-- Opening Marker --

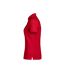 Polo Surf Femme Rouge Printer-3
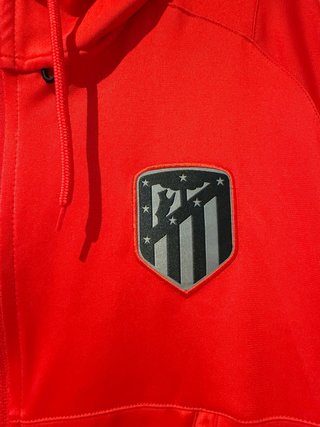 Sudadera Nike Atlético de Madrid Roja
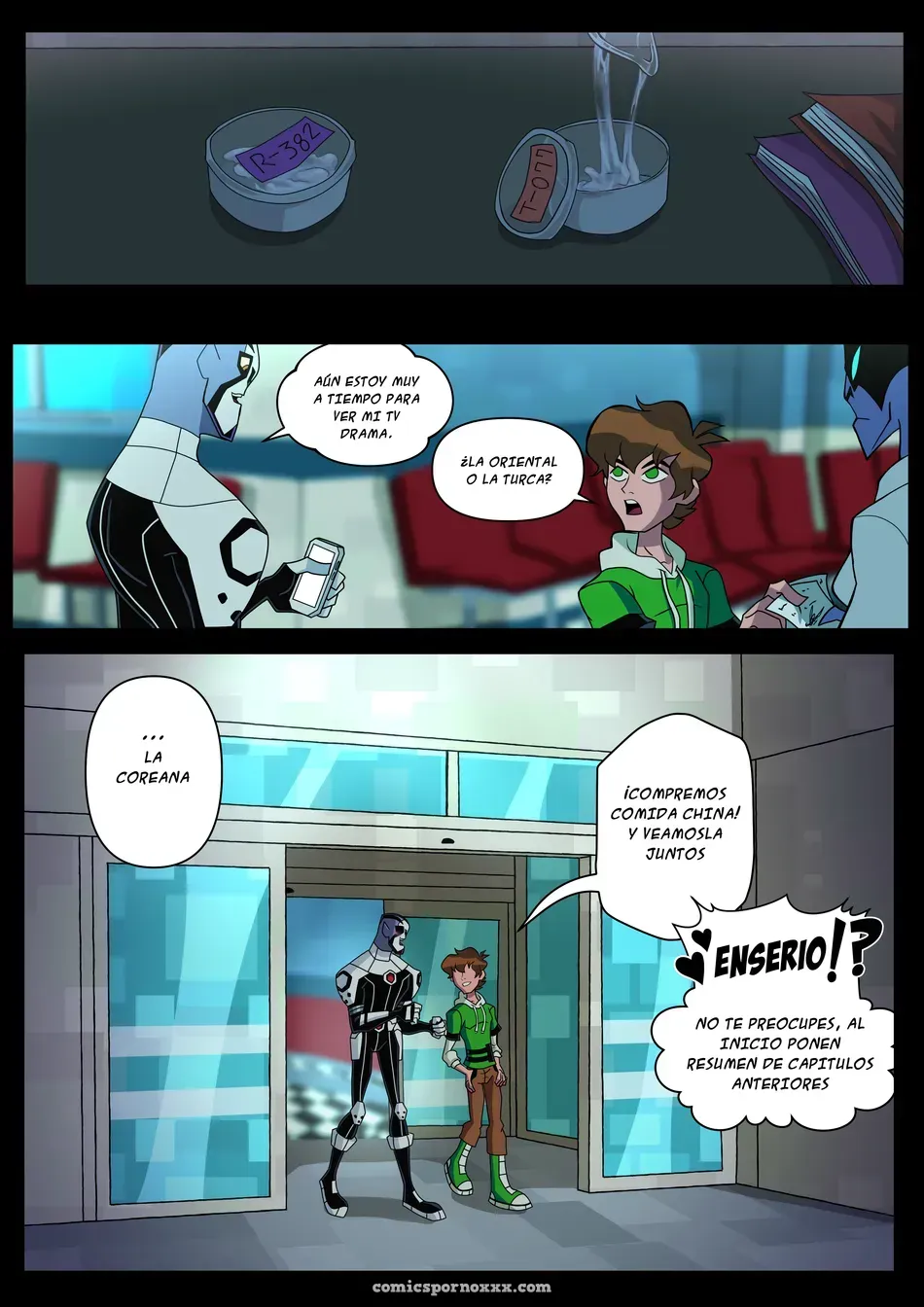 Benrook Story #6 (Parte #2) - Página 19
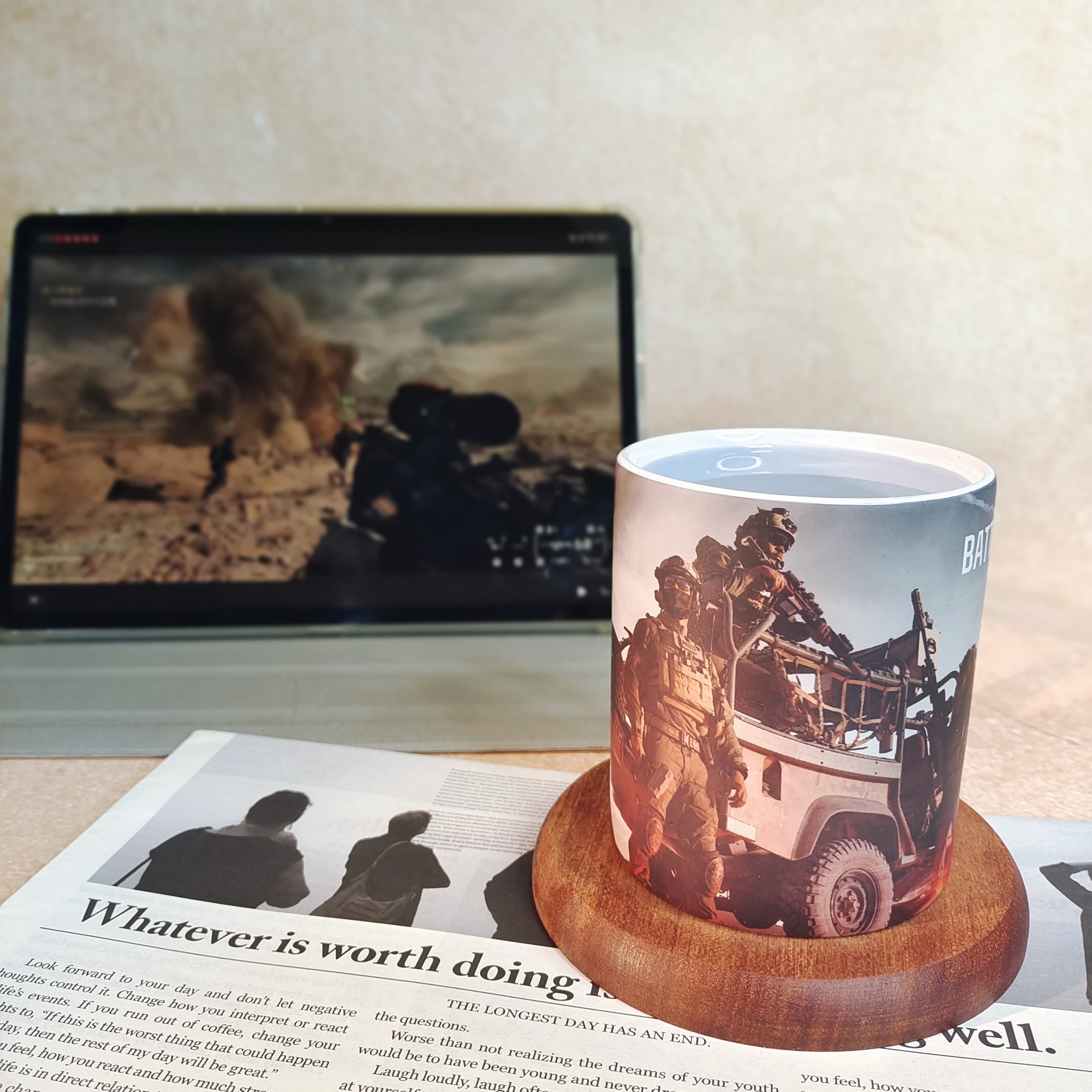 Battlefield 6 Color-Changing Mug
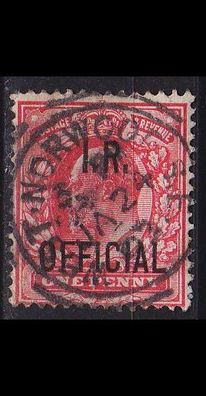 England GREAT Britain [Dienst] MiNr 0057 ( O/ used )
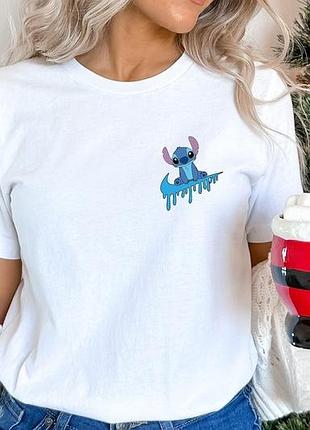 Футболка стич unisex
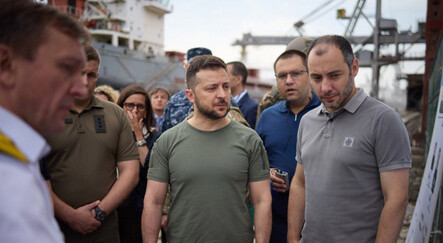 Ukrayna Devlet Başkanı Zelenskiy'den tahıl koridoru açıklaması - dunya
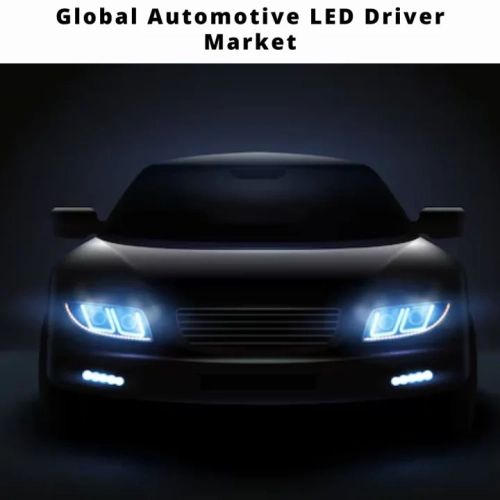 Automotive LED Driver Market Share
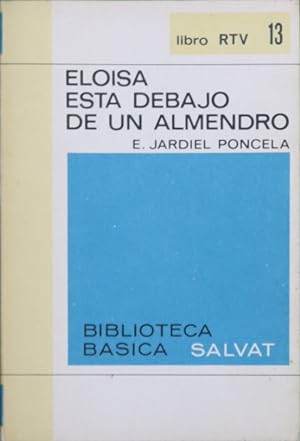 Imagen del vendedor de Eloisa está debajo de un almendro a la venta por Librería Alonso Quijano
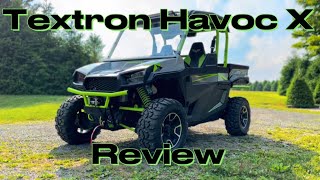 Textron Havoc X Review [upl. by Whitcomb]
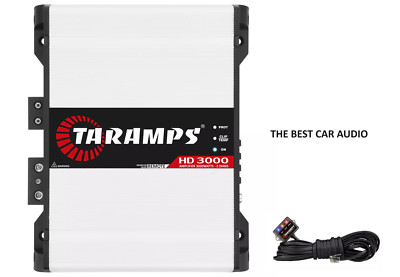 Taramps HD 3000 2 Ohms 1 Channel 3000 Watts RMS  AMPLIFIER FAST FREE SHIPPING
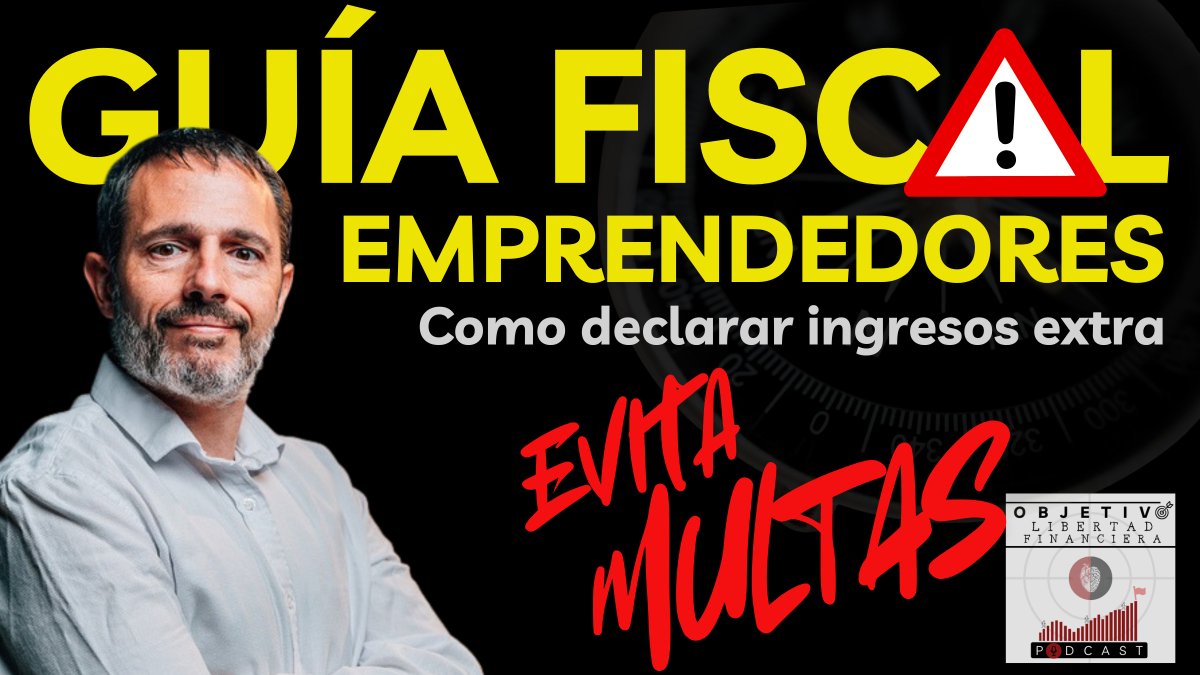 Inversoracon30's tweet photo. En el episodio respondemos preguntas típicas como:

🤔 ¿Tengo que darme de alta como autónomo si ingreso poco? 
📄 ¿036 o 037?
💶 ¿Cómo funciona el IVA y el IRPF?
📥 ¿Puedo deducirme gastos? ¿Qué gastos?
⚠ ¿Qué multas existen por hacerlo mal?

Todo clarito, con ejemplos.
𝕋𝕚𝕖𝕟𝕖𝕤 𝕖𝕟𝕝𝕒𝕔𝕖 𝕒 𝕞𝕚 𝕡*𝕕𝕔𝕒𝕤𝕥 𝕖𝕟 𝕞𝕚 𝕡𝕖𝕣𝕗𝕚𝕝.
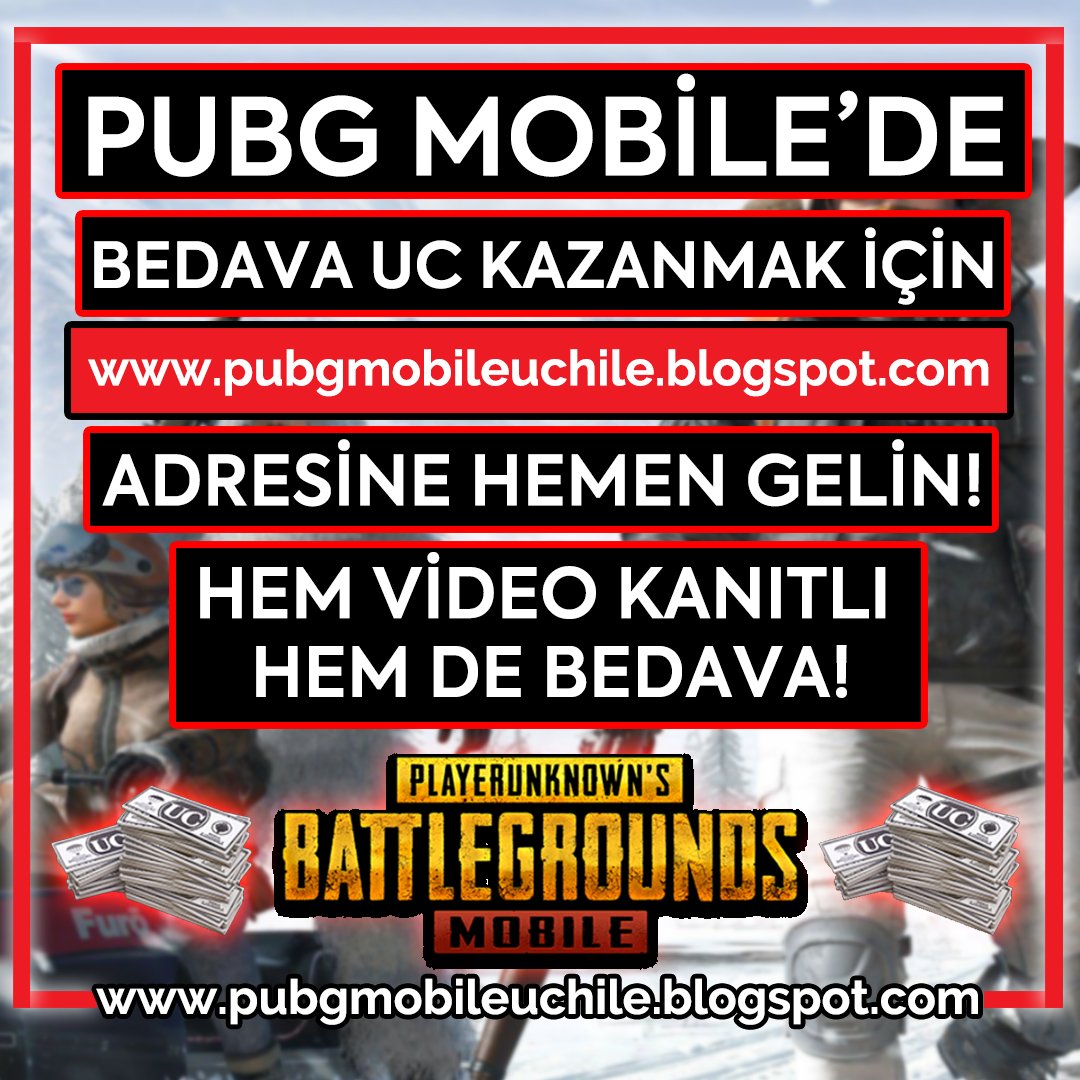 pubgmobilehile's tweet photo. 12 saatte bir hesabınıza bedava UC eklemek istiyorsanız, herkesin gizlediği PUBG Mobile hilesine görseldeki siteden erişebilirsiniz! https://t.co/fJqbhi8rtI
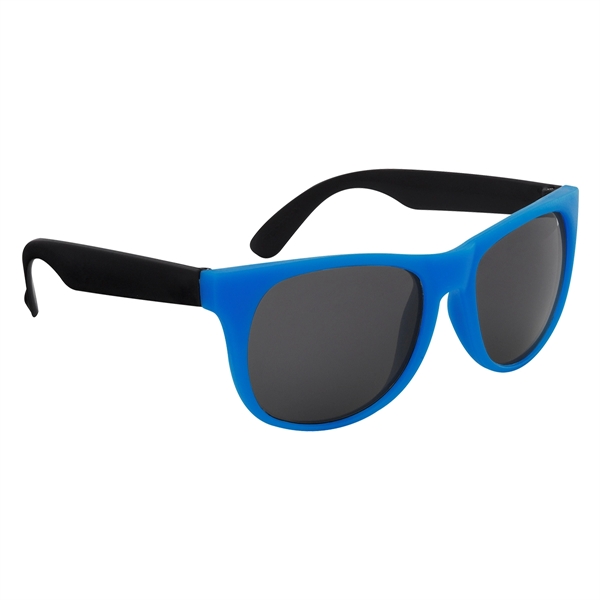 Custom Kapowski Rubberized Sunglasses
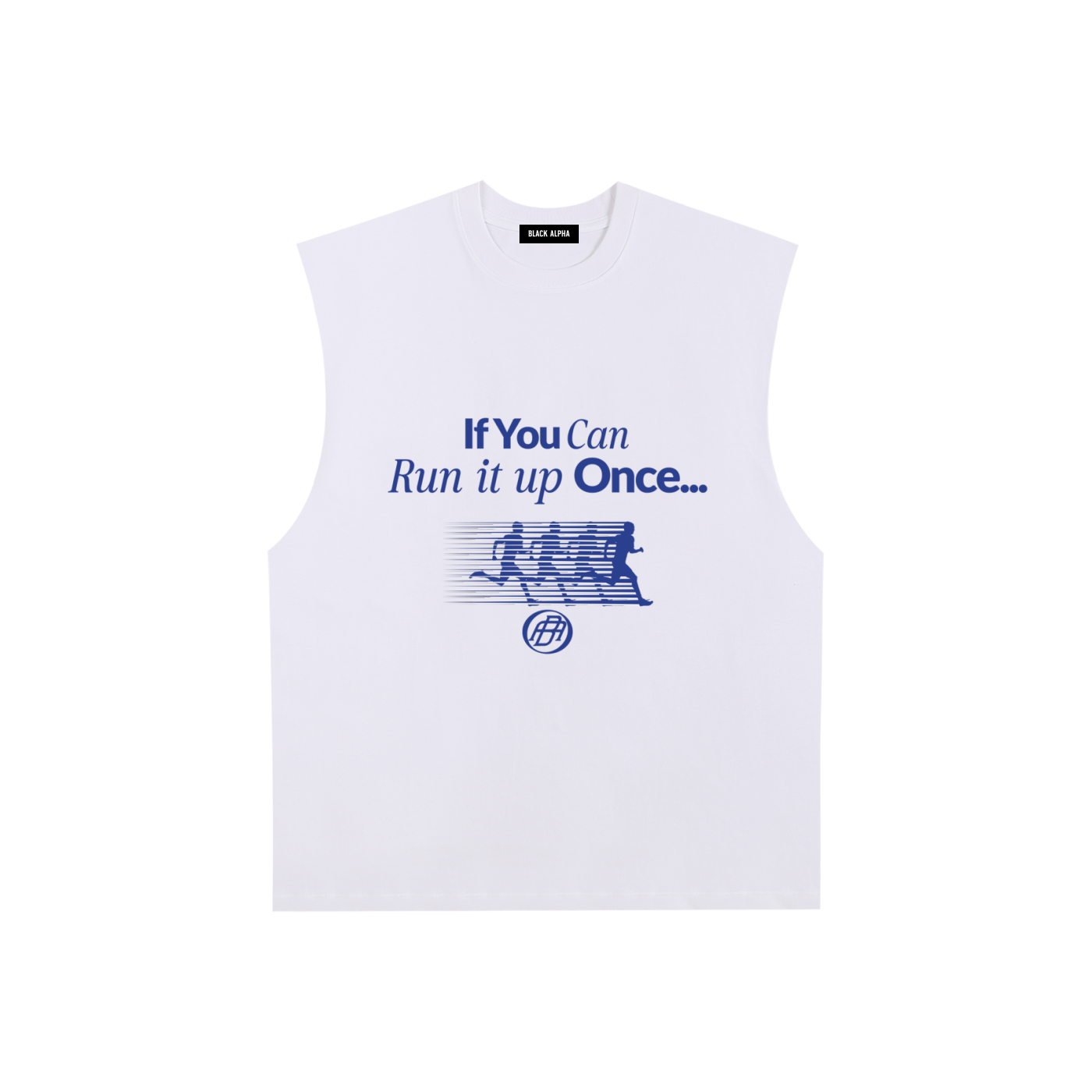 Run It Up Sleeveless Tee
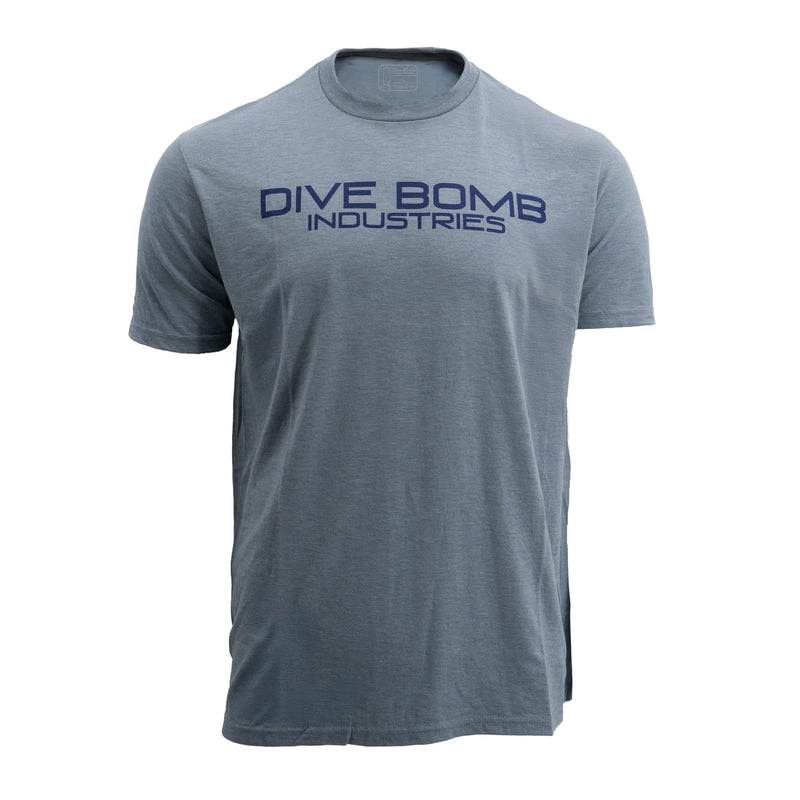 Classic Text Shirt Flint Blue / S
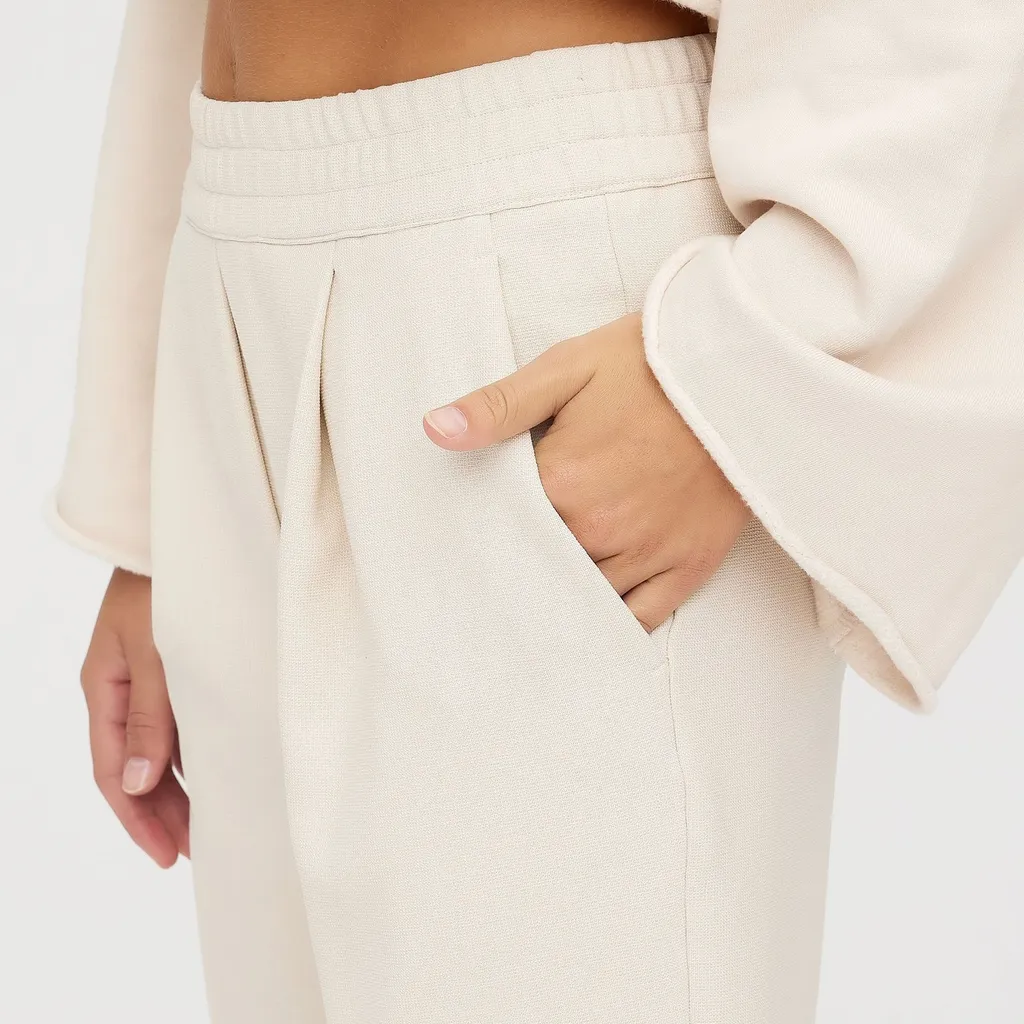 High-Waisted Jogging Pants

-- Closing Marker --

» **How to complete this task**
Transcribe all the lines above exactly; any image among them is skipped.

» **Reply**
 Polo Surf Femme Rouge Printer-3
 Sudadera Nike Atlético de Madrid Roja
 Benrook Story #6 (Parte #2) - Página 19
 Battlefield 6 Color-Changing Mug
 England GREAT Britain [Dienst] MiNr 0057 ( O/ used )
 Футболка стич unisex
 Ukrayna Devlet Başkanı Zelenskiy'den tahıl koridoru açıklaması - dunya
 Automotive LED Driver Market Share
 Imagen del vendedor de Eloisa está debajo de un almendro a la venta por Librería Alonso Quijano
 Textron Havoc X Review [upl. by Whitcomb]
 Taramps HD 3000 2 Ohms 1 Channel 3000 Watts RMS  AMPLIFIER FAST FREE SHIPPING
 Inversoracon30's tweet photo. En el episodio respondemos preguntas típicas como:

🤔 ¿Tengo que darme de alta como autónomo si ingreso poco? 
📄 ¿036 o 037?
💶 ¿Cómo funciona el IVA y el IRPF?
📥 ¿Puedo deducirme gastos? ¿Qué gastos?
⚠ ¿Qué multas existen por hacerlo mal?

Todo clarito, con ejemplos.
𝕋𝕚𝕖𝕟𝕖𝕤 𝕖𝕟𝕝𝕒𝕔𝕖 𝕒 𝕞𝕚 𝕡*𝕕𝕔𝕒𝕤𝕥 𝕖𝕟 𝕞𝕚 𝕡𝕖𝕣𝕗𝕚𝕝.
 pubgmobilehile's tweet photo. 12 saatte bir hesabınıza bedava UC eklemek istiyorsanız, herkesin gizlediği PUBG Mobile hilesine görseldeki siteden erişebilirsiniz! https://t.co/fJqbhi8rtI
 Custom Kapowski Rubberized Sunglasses
 Run It Up Sleeveless Tee
 Classic Text Shirt Flint Blue / S
 High-Waisted Jogging Pants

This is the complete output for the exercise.